### Extracted material
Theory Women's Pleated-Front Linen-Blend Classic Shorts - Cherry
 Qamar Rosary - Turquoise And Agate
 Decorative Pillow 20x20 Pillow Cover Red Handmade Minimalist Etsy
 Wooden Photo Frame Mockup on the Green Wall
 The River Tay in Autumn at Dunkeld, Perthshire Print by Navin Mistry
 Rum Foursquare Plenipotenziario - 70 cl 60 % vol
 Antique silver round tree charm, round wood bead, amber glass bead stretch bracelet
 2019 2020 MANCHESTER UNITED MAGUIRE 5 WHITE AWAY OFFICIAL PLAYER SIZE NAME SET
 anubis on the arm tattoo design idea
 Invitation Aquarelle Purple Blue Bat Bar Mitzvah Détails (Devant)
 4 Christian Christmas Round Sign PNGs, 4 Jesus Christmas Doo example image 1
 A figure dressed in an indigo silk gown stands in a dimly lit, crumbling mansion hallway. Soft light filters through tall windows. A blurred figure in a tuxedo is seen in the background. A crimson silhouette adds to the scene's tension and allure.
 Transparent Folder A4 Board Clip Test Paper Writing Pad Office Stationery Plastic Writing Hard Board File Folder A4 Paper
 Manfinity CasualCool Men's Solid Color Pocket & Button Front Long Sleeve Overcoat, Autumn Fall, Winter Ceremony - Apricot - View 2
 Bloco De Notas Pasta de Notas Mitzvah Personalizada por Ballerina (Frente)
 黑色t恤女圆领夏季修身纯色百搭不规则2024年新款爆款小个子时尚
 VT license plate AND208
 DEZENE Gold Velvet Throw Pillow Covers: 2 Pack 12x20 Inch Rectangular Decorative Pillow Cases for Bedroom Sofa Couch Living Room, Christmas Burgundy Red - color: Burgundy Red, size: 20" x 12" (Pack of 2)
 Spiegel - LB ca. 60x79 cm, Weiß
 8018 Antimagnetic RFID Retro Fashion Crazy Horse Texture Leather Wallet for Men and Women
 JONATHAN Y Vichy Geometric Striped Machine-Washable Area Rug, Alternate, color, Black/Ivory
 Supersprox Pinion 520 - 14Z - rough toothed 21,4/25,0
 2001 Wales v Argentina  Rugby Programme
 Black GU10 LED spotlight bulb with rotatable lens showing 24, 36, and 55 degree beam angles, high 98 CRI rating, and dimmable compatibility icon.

### Goal of the exercise
What is needed is a verbatim copy of every line in the records above from the one containing "Decorative Pillow 20x20" down to the one containing "Antique silver round", both included, and nothing more.

### Reply to the task
 Decorative Pillow 20x20 Pillow Cover Red Handmade Minimalist Etsy
 Wooden Photo Frame Mockup on the Green Wall
 The River Tay in Autumn at Dunkeld, Perthshire Print by Navin Mistry
 Rum Foursquare Plenipotenziario - 70 cl 60 % vol
 Antique silver round tree charm, round wood bead, amber glass bead stretch bracelet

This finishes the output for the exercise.